(Items from a data source)
------------------------------------------------------------------------

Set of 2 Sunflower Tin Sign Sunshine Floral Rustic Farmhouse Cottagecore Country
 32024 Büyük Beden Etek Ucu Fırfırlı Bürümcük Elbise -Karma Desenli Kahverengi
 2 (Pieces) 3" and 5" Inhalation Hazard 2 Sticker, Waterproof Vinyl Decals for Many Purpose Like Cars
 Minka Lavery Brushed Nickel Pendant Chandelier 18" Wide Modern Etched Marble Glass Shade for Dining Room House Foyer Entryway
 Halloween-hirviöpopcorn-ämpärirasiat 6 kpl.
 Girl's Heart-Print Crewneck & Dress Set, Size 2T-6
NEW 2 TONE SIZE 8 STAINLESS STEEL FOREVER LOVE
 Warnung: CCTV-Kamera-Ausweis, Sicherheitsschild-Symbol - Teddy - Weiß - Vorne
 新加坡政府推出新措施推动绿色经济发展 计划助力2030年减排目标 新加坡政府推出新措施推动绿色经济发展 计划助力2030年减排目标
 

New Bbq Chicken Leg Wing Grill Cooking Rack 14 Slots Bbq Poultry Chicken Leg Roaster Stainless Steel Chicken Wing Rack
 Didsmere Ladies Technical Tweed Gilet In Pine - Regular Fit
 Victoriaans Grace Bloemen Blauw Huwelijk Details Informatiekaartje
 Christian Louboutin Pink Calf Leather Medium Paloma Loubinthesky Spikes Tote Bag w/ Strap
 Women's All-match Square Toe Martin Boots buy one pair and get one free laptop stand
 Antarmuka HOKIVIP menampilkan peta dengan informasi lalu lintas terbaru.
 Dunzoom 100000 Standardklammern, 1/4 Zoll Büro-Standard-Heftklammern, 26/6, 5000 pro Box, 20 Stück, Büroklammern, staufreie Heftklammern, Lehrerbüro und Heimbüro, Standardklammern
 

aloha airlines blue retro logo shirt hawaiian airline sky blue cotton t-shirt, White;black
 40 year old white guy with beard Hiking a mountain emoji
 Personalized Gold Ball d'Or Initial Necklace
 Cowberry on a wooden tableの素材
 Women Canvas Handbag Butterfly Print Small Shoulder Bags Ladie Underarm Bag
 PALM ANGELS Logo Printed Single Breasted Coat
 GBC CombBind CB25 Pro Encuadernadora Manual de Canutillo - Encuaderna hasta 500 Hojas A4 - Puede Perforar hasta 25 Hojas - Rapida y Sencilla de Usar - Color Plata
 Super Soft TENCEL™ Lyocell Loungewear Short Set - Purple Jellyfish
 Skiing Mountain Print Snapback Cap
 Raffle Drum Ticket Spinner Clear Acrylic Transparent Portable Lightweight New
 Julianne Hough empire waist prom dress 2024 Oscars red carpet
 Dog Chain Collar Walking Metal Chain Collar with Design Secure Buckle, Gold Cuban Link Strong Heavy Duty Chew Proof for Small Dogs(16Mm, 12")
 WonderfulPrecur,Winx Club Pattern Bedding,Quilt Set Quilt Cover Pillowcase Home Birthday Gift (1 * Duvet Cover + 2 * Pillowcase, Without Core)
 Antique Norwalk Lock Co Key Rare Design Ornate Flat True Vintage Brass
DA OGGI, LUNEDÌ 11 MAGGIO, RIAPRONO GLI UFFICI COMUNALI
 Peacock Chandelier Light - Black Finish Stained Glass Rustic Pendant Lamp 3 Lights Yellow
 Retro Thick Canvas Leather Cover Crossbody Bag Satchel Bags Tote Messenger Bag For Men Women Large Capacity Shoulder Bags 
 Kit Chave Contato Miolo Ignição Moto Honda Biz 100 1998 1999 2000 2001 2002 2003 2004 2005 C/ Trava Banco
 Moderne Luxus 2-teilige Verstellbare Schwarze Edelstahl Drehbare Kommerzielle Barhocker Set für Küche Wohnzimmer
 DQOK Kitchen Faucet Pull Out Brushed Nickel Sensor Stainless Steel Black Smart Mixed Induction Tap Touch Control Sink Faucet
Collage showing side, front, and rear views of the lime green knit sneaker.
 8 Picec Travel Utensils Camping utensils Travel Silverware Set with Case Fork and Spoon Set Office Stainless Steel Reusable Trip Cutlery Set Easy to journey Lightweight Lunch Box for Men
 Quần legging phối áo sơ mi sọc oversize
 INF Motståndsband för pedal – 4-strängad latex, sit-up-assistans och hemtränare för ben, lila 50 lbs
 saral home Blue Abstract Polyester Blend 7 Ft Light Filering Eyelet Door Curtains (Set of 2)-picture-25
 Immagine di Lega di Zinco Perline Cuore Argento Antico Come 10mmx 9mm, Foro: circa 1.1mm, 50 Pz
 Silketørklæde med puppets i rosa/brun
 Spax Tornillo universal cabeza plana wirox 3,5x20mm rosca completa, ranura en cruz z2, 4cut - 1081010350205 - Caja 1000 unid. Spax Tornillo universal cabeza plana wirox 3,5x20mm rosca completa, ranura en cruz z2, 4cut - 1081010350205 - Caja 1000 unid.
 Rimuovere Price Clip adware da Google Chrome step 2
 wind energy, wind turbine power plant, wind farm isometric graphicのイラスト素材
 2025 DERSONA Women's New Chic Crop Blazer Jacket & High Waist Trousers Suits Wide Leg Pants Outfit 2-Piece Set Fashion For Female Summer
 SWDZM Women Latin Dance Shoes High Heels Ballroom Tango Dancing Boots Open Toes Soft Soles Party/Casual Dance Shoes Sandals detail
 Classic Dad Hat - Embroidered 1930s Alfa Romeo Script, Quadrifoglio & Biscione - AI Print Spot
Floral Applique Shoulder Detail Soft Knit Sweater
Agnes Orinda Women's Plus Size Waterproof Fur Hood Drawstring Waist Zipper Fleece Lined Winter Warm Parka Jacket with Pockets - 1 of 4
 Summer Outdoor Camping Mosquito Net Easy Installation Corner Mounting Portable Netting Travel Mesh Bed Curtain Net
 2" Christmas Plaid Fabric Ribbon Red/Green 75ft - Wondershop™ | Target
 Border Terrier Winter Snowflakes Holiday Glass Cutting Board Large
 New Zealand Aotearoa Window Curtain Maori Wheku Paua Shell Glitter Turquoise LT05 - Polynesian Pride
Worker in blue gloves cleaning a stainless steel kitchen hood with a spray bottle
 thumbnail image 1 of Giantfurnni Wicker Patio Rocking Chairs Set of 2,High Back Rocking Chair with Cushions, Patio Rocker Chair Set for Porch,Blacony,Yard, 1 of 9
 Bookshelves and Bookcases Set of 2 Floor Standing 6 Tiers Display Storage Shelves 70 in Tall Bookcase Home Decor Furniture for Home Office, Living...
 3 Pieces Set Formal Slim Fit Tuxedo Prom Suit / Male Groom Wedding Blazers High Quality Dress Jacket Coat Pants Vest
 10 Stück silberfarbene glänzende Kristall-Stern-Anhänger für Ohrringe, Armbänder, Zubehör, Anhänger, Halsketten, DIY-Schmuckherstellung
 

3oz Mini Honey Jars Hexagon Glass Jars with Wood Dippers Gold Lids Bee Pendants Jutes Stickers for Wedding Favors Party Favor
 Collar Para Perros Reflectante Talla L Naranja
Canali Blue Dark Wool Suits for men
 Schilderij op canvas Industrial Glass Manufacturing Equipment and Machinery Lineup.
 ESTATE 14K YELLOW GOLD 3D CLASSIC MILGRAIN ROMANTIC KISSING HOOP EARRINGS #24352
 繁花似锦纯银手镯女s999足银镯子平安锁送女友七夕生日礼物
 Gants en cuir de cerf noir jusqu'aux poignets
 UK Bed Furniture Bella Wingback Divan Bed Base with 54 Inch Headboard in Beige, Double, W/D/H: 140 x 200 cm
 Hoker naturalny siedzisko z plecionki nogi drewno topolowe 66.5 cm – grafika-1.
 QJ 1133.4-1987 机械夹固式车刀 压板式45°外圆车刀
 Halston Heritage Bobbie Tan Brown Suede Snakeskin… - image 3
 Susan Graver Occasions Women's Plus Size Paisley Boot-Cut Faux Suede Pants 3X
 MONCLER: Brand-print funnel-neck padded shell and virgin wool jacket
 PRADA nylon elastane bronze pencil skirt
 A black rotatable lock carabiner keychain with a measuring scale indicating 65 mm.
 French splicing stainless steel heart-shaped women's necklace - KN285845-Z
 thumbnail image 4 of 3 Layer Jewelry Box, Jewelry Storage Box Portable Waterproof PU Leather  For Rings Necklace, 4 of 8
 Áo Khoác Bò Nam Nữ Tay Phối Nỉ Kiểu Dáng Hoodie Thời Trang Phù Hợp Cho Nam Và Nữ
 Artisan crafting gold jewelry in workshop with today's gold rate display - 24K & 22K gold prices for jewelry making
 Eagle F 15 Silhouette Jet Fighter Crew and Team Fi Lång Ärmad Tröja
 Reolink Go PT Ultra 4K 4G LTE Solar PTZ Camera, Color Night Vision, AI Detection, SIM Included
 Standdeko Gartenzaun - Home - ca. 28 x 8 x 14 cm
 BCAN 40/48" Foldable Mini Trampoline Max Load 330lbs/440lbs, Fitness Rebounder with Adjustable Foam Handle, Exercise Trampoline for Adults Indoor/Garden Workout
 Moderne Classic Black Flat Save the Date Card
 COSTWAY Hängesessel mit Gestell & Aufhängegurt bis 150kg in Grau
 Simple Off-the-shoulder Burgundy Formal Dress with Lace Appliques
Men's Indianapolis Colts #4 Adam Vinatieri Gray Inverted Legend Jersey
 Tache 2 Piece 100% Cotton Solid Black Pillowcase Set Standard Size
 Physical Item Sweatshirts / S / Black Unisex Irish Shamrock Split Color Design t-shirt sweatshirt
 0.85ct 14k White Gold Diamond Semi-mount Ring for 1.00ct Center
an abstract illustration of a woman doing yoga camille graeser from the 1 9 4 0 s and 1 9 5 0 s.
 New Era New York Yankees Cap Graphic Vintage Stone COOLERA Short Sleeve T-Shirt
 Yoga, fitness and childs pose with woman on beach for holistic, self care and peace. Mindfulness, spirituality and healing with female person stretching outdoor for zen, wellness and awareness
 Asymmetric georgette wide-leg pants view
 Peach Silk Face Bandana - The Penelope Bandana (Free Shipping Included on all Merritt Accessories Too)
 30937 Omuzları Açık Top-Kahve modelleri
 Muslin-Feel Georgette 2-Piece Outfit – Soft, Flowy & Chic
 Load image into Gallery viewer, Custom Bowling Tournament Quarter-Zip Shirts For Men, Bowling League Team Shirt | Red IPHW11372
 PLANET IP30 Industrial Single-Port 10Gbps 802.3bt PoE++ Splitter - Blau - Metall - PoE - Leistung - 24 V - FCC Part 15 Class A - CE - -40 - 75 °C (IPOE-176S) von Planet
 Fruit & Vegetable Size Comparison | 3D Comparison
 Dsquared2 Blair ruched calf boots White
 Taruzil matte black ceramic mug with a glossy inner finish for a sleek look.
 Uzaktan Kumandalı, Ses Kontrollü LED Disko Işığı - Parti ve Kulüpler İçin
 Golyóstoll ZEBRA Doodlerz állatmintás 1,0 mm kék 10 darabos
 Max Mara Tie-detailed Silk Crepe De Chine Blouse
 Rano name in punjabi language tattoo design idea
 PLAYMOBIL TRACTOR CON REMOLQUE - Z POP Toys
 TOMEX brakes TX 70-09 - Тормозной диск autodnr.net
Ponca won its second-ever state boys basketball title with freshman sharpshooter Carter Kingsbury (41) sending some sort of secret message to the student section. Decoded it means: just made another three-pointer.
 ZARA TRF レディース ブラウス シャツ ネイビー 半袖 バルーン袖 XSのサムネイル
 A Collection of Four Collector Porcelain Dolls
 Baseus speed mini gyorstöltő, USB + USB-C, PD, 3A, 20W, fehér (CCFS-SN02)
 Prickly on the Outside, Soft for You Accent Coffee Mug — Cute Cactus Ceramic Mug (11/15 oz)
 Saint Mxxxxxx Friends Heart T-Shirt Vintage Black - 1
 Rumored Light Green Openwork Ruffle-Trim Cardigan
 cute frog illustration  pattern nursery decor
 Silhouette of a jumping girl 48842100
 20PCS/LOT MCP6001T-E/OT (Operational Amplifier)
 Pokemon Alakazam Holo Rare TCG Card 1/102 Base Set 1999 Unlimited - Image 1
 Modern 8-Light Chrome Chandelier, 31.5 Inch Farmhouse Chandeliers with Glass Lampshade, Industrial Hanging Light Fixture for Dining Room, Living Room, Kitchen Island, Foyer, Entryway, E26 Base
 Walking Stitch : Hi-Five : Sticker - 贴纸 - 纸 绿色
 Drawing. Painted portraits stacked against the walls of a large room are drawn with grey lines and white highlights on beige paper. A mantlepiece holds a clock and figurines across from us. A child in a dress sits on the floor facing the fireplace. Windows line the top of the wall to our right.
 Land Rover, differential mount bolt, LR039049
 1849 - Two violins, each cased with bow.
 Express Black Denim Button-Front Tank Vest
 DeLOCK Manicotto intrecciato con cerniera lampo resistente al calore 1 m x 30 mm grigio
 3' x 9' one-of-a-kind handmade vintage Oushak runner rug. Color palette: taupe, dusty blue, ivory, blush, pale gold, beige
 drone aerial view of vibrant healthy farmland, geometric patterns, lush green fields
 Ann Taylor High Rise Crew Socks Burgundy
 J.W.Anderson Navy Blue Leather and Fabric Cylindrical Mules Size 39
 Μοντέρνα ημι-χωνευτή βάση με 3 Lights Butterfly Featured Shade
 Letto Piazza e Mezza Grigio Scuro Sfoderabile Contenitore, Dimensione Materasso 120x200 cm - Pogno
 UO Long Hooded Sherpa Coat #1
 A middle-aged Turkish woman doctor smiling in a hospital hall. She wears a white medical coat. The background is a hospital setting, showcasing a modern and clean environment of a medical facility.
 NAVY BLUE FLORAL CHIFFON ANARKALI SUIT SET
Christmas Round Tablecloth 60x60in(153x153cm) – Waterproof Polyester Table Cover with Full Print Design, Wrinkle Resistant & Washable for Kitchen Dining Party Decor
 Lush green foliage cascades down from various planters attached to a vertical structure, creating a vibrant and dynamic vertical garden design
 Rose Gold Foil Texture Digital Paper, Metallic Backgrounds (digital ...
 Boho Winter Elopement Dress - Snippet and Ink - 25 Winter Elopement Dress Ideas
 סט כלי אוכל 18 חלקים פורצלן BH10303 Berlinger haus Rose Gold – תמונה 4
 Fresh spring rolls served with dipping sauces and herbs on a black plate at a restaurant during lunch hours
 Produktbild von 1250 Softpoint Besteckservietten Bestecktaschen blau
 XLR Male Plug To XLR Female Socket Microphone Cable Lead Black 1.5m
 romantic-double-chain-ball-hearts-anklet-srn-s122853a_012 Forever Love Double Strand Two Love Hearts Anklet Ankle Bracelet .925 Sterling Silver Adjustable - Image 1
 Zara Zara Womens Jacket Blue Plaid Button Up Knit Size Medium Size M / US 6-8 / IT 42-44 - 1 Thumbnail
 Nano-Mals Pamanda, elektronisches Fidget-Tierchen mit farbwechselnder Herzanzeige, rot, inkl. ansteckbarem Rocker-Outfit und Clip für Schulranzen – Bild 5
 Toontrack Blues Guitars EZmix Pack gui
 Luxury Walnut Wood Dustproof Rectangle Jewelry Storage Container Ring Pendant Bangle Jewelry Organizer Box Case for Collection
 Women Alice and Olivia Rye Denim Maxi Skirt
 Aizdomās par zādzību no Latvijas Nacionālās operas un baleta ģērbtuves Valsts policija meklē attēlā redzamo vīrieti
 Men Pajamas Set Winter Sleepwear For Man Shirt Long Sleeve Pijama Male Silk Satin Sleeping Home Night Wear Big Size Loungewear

------------------------------------------------------------------------

Which lines run from the one holding "SWDZM Women Latin" through the one holding "繁花似锦纯银手镯女s999足银镯子平安锁送女友七夕生日礼物" in the records above? Repeat them exactly, both included, and nothing more.

 SWDZM Women Latin Dance Shoes High Heels Ballroom Tango Dancing Boots Open Toes Soft Soles Party/Casual Dance Shoes Sandals detail
 Classic Dad Hat - Embroidered 1930s Alfa Romeo Script, Quadrifoglio & Biscione - AI Print Spot
Floral Applique Shoulder Detail Soft Knit Sweater
Agnes Orinda Women's Plus Size Waterproof Fur Hood Drawstring Waist Zipper Fleece Lined Winter Warm Parka Jacket with Pockets - 1 of 4
 Summer Outdoor Camping Mosquito Net Easy Installation Corner Mounting Portable Netting Travel Mesh Bed Curtain Net
 2" Christmas Plaid Fabric Ribbon Red/Green 75ft - Wondershop™ | Target
 Border Terrier Winter Snowflakes Holiday Glass Cutting Board Large
 New Zealand Aotearoa Window Curtain Maori Wheku Paua Shell Glitter Turquoise LT05 - Polynesian Pride
Worker in blue gloves cleaning a stainless steel kitchen hood with a spray bottle
 thumbnail image 1 of Giantfurnni Wicker Patio Rocking Chairs Set of 2,High Back Rocking Chair with Cushions, Patio Rocker Chair Set for Porch,Blacony,Yard, 1 of 9
 Bookshelves and Bookcases Set of 2 Floor Standing 6 Tiers Display Storage Shelves 70 in Tall Bookcase Home Decor Furniture for Home Office, Living...
 3 Pieces Set Formal Slim Fit Tuxedo Prom Suit / Male Groom Wedding Blazers High Quality Dress Jacket Coat Pants Vest
 10 Stück silberfarbene glänzende Kristall-Stern-Anhänger für Ohrringe, Armbänder, Zubehör, Anhänger, Halsketten, DIY-Schmuckherstellung
 

3oz Mini Honey Jars Hexagon Glass Jars with Wood Dippers Gold Lids Bee Pendants Jutes Stickers for Wedding Favors Party Favor
 Collar Para Perros Reflectante Talla L Naranja
Canali Blue Dark Wool Suits for men
 Schilderij op canvas Industrial Glass Manufacturing Equipment and Machinery Lineup.
 ESTATE 14K YELLOW GOLD 3D CLASSIC MILGRAIN ROMANTIC KISSING HOOP EARRINGS #24352
 繁花似锦纯银手镯女s999足银镯子平安锁送女友七夕生日礼物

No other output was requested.